FRONT BURNER

Hello Fresh tasty, but a costly option

Fresh food, three dinners’ worth, delivered to your doorstep (or office if you’d rather), organized and packed by recipe - Lemongrass Chicken, Beef Cabbage Wraps, Ratatouille With Lemon-Roasted Cod - with everything thing you need (save salt, pepper, sugar and olive oil) for a home-cooked meal for two. Sounds convenient, right? And possibly quite tasty, depending on what you like.

For people who enjoy cooking but dread grocery shopping or are reluctant to try new recipes, Hello Fresh, a recipe kit home delivery service, may be the answer.

The service recently expanded to include Arkansas in its delivery area.

For more information, visit hellofresh.com.

Each week subscribers get to choose three dishes (out of five choices) to be delivered. Each week includes a meat, chicken, fish and vegetarian option. A vegetarian-only plan is available as well.

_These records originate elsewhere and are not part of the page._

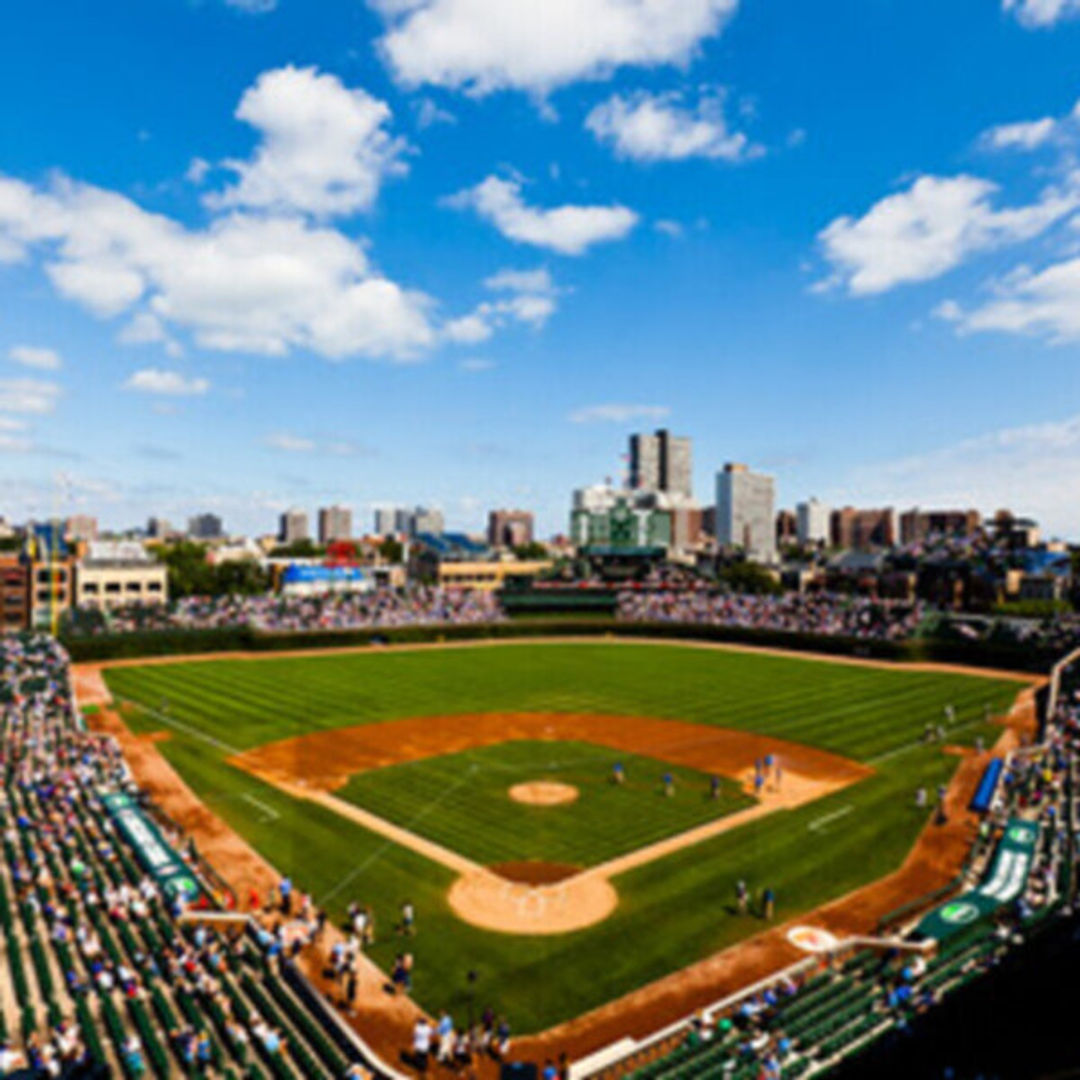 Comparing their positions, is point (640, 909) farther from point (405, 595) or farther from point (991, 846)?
point (405, 595)

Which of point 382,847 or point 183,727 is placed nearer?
point 382,847

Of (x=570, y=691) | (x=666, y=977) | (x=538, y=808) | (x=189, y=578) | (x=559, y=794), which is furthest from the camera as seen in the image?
(x=189, y=578)

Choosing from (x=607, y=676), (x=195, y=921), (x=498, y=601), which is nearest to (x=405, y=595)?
(x=498, y=601)

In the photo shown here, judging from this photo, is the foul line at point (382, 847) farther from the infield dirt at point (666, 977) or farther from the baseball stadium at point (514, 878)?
the infield dirt at point (666, 977)

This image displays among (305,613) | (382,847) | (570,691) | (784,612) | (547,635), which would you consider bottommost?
(382,847)

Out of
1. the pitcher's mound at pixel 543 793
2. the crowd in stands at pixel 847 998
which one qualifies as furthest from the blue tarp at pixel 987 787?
the pitcher's mound at pixel 543 793

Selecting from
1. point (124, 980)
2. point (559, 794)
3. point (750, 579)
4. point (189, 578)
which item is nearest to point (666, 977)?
point (124, 980)

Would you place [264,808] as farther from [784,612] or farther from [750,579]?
[750,579]
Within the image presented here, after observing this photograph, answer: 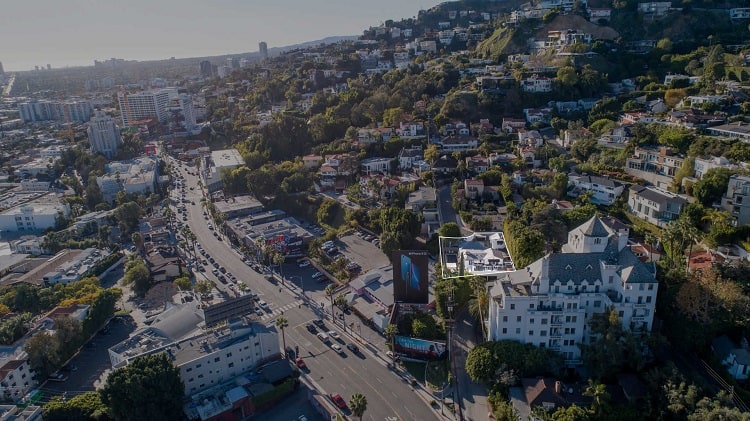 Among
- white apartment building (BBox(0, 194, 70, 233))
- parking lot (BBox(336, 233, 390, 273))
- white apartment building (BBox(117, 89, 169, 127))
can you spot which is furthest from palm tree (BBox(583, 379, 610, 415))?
white apartment building (BBox(117, 89, 169, 127))

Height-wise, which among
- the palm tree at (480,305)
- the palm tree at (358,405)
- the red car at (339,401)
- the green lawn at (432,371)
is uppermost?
the palm tree at (480,305)

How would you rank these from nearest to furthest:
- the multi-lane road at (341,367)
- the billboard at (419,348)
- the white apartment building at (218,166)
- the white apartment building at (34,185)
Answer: the multi-lane road at (341,367), the billboard at (419,348), the white apartment building at (218,166), the white apartment building at (34,185)

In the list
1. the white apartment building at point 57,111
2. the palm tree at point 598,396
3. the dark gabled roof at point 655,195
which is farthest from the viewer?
the white apartment building at point 57,111

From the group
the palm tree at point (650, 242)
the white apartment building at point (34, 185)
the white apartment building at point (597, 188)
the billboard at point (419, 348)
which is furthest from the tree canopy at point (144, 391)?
the white apartment building at point (34, 185)

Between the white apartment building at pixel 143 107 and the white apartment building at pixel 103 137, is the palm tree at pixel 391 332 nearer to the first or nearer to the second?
the white apartment building at pixel 103 137

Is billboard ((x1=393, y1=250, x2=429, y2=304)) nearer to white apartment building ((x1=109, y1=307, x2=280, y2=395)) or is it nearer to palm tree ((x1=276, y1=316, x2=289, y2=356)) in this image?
palm tree ((x1=276, y1=316, x2=289, y2=356))

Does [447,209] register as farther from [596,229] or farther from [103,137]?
[103,137]

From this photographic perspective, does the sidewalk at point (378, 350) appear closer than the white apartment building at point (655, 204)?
Yes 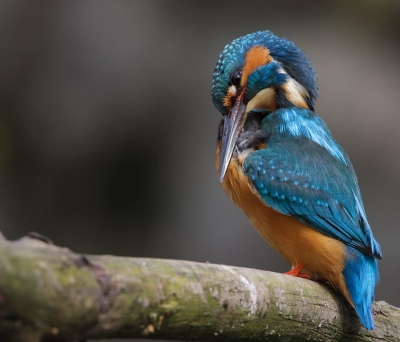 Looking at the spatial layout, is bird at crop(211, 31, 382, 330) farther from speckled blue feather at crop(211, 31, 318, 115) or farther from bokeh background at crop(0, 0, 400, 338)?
bokeh background at crop(0, 0, 400, 338)

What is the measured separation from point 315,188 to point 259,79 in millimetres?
702

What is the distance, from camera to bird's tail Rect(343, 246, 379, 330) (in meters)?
2.11

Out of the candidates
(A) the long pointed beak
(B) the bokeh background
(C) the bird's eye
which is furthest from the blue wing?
(B) the bokeh background

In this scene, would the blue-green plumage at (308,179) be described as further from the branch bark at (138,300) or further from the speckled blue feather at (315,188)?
the branch bark at (138,300)

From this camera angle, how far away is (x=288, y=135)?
264 cm

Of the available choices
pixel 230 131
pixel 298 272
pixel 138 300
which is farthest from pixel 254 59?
pixel 138 300

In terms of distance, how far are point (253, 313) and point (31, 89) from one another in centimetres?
377

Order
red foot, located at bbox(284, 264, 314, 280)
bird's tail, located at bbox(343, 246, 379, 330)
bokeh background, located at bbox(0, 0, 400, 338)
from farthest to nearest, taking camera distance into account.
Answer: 1. bokeh background, located at bbox(0, 0, 400, 338)
2. red foot, located at bbox(284, 264, 314, 280)
3. bird's tail, located at bbox(343, 246, 379, 330)

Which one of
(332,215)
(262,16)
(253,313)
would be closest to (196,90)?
(262,16)

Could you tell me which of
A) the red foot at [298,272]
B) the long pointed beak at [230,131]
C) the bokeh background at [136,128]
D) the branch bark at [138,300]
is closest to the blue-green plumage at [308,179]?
the long pointed beak at [230,131]

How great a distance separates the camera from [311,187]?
2.49 meters

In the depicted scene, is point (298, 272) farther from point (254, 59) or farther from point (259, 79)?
point (254, 59)

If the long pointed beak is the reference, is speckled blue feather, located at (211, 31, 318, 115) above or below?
above

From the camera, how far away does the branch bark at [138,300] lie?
116 centimetres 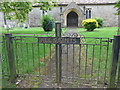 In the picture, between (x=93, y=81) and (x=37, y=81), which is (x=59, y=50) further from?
(x=93, y=81)

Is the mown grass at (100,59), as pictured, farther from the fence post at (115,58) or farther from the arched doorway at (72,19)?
the arched doorway at (72,19)

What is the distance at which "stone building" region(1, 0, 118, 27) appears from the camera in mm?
18609

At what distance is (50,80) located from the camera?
2.74m

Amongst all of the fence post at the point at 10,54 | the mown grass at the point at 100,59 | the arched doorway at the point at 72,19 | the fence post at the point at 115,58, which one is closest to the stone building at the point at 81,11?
the arched doorway at the point at 72,19

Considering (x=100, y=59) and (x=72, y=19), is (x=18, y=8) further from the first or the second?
(x=72, y=19)

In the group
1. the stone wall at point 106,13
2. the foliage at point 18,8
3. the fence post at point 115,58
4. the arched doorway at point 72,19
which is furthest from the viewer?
the arched doorway at point 72,19

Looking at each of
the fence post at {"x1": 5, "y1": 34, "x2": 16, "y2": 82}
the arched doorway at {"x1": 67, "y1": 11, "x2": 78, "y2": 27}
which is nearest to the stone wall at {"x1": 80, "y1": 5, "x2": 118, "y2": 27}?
the arched doorway at {"x1": 67, "y1": 11, "x2": 78, "y2": 27}

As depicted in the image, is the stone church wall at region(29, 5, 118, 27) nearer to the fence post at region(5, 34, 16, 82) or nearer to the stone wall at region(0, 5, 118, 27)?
the stone wall at region(0, 5, 118, 27)

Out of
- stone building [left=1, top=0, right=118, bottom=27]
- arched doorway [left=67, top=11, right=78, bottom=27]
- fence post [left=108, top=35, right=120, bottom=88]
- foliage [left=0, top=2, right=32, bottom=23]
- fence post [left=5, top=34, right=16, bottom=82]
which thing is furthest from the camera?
arched doorway [left=67, top=11, right=78, bottom=27]

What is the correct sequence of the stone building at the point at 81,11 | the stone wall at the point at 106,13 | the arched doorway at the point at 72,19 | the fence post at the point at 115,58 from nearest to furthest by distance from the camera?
the fence post at the point at 115,58
the stone building at the point at 81,11
the stone wall at the point at 106,13
the arched doorway at the point at 72,19

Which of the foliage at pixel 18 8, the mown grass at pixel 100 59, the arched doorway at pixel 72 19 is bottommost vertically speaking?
the mown grass at pixel 100 59

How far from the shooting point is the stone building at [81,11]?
18.6 meters

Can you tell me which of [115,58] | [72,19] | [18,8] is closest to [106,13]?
[72,19]

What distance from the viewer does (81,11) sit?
60.7ft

I recently gave the service a try and was pleasantly surprised. The fresh vegetables - radishes, red and yellow bell peppers, eggplant, zucchini, shallots, watercress, arugula - were picture-perfect upon arrival.

The large recipe cards with color photos and easy-to-follow instructions made preparation a breeze, and each recipe lived up to the claim of taking less than 30 minutes to prepare.

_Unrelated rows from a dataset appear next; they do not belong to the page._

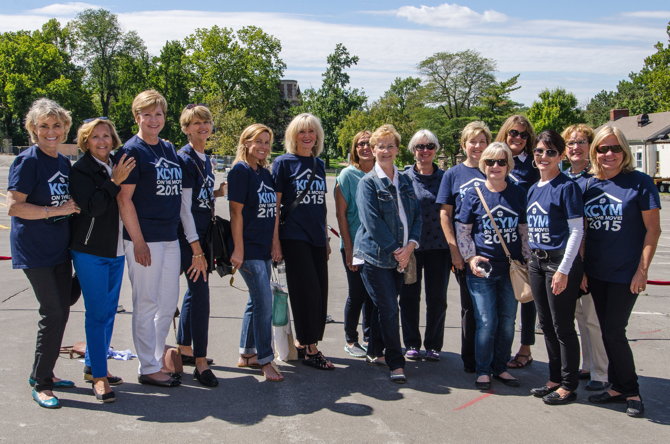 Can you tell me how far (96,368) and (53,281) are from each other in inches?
28.0

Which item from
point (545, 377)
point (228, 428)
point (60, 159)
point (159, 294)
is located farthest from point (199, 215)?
point (545, 377)

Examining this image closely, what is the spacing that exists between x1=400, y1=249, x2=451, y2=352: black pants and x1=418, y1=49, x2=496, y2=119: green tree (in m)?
74.1

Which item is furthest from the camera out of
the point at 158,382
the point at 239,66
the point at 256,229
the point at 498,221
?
the point at 239,66

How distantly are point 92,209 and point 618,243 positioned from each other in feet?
12.5

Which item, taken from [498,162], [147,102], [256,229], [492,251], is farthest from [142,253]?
[498,162]

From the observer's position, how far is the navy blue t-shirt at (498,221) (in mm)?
4902

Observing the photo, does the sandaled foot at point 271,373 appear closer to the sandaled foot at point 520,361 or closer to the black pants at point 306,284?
the black pants at point 306,284

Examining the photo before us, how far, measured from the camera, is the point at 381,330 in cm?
A: 532

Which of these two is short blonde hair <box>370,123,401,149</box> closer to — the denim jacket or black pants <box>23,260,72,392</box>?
the denim jacket

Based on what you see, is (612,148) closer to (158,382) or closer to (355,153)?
(355,153)

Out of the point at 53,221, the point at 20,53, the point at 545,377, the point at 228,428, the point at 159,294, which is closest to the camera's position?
the point at 228,428

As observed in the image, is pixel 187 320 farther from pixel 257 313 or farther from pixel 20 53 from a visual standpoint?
pixel 20 53

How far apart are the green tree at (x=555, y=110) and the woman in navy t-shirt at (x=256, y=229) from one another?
66366 millimetres

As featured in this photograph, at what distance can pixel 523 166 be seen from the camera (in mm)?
5664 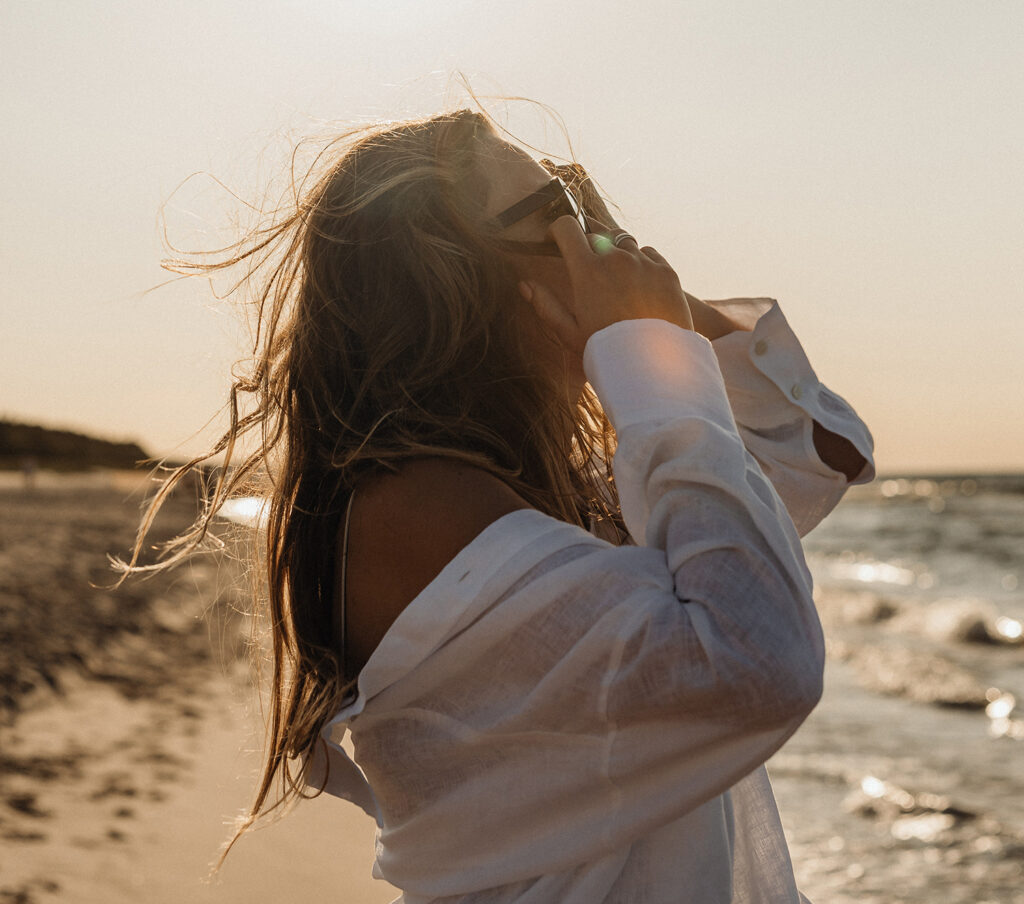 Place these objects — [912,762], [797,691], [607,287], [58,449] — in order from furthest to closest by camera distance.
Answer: [58,449]
[912,762]
[607,287]
[797,691]

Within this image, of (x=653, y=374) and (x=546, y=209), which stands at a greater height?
(x=546, y=209)

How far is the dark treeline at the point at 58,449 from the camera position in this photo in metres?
52.7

First up were the beef wraps.

The bundle had two flour tortillas, an onion, a package each of radishes and watercress, a little baggie of cashews, a packet of vinegar, a packet of mustard, four packets of barbecue sauce, a bag of shredded cabbage and carrots and 12 ounces of ground beef.

The radishes, watercress and cashews combined with the vinegar, mustard and a few glugs of my olive oil for a salad. The beef was cooked with the onion and seasoned with barbecue sauce. The instructions called for using just ¼ of the onion, but I somehow didn’t see the ¼ and used the whole thing. It was still delicious. The beef and cabbage-carrot mixture goes in the tortillas while the watercress salad rounds out the meal. It wasn’t the most filling dinner, but the combination of flavors and textures was very appealing and satisfying. For the calorie conscious, the meal logs in at less than 500 calories.

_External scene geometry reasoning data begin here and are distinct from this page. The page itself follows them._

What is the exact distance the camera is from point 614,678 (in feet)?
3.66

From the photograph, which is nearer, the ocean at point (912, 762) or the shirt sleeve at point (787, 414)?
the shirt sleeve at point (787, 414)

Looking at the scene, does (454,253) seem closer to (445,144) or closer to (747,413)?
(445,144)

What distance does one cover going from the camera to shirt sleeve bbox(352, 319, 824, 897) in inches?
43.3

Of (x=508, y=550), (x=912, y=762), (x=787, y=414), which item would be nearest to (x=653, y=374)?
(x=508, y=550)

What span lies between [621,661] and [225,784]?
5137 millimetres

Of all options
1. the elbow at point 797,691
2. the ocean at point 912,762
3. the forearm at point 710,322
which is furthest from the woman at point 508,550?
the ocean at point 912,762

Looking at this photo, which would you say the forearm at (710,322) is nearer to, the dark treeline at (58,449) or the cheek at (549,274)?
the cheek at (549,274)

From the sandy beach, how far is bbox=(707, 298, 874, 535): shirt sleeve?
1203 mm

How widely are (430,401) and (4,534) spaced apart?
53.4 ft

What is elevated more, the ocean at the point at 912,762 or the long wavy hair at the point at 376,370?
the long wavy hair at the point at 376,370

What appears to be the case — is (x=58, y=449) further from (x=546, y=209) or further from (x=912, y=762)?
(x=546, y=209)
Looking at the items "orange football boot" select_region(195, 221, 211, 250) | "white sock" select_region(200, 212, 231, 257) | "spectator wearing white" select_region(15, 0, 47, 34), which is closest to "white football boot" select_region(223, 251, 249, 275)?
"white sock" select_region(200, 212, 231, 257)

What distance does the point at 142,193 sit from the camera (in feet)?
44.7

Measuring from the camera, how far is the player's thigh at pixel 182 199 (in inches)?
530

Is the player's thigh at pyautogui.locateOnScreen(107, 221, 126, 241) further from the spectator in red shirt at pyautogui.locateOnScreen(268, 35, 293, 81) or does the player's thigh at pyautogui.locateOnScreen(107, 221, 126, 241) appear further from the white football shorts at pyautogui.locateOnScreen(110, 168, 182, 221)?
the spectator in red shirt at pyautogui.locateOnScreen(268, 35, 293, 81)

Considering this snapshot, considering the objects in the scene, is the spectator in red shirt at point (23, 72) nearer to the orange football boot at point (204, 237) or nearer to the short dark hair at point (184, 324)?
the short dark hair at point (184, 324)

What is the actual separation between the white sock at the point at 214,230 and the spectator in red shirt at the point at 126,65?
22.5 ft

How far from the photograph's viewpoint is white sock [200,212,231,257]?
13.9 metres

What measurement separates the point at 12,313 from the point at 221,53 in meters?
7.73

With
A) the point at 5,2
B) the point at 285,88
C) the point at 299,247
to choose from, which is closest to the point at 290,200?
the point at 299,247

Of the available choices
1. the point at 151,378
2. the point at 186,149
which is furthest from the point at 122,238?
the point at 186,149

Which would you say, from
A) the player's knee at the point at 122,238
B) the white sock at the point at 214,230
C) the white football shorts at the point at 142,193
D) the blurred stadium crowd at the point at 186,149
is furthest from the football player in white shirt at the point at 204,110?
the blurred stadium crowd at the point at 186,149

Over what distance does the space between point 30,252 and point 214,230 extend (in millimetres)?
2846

The next day we had the chicken. This recipe was a bit more complicated. It involved multiple pieces of kitchen equipment and a bit more preparation. And while the results were tasty, I had a few problems with the chicken recipe. It called for mincing lemon grass and shallots and combining them with olive oil as a marinade. Then later the marinade was served as a sauce.

First, lemongrass, no matter how fine you mince it, is too fibrous to eat. Second, unless the marinade is heated to boiling, you should never serve a marinade that came in contact with uncooked meat, fish or chicken as a sauce. And the instructions simply said to heat it. Third, I don’t consider a mixture of oil, onion and tough, fibrous grass to be a sauce.

The chicken, paired with couscous studded with black olives, sun-dried tomatoes and a handful of arugula, was still quite flavourful, even if I did serve it without the “sauce.”

Finally we had the ratatouille and cod.

This dish was the first one that I felt included an adequate serving of vegetables (red and yellow bell peppers, eggplant, zucchini and tomatoes), yet that could be because I didn’t have to share them with my no-tomatoes dinner companion.

PROS

Having an instant answer to the question “What’s for dinner” for three days of the week.

No last-minute stop at the grocery store during rush hour.

Tasty, portion-controlled meals.

Helps pull you out of a recipe rut by introducing new dishes to your rotation.

The recipe cards include the measurements, so you can re-create the dishes.

CONS

Cost. The service isn’t cheap. At $70 ($60 for the vegetarian option) for three meals of just two servings each, it would be more cost-effective to eat out three days a week, as restaurant portions are often larger, allowing for leftovers for other meals.

Risk of temperature fluctuations harming the food. My box was cool inside when I opened it, but far from the 40 degrees maximum at which meat, fish and poultry should be kept.

Must prepare and eat all three meals consecutively for peak freshness. The Hello Fresh website claims the ingredient will stay edible for a full week; however, in my experience fragile greens like arugula and watercress don’t keep for more than a couple of days. And fish, unless frozen, doesn’t keep for more than a day or two, tops.

Unless you keep a stash of fresh vegetables on hand (and doesn’t that defeat the purpose of delivery?) you may be stuck eating foods you don’t like or doing without.

Bottom line:

I think the service would be great for a vacation rental if you don’t want to eat out for every meal, or for anyone mobile but housebound because of surgery or illness. But as a regular, every week sort of deal it is simply too expensive.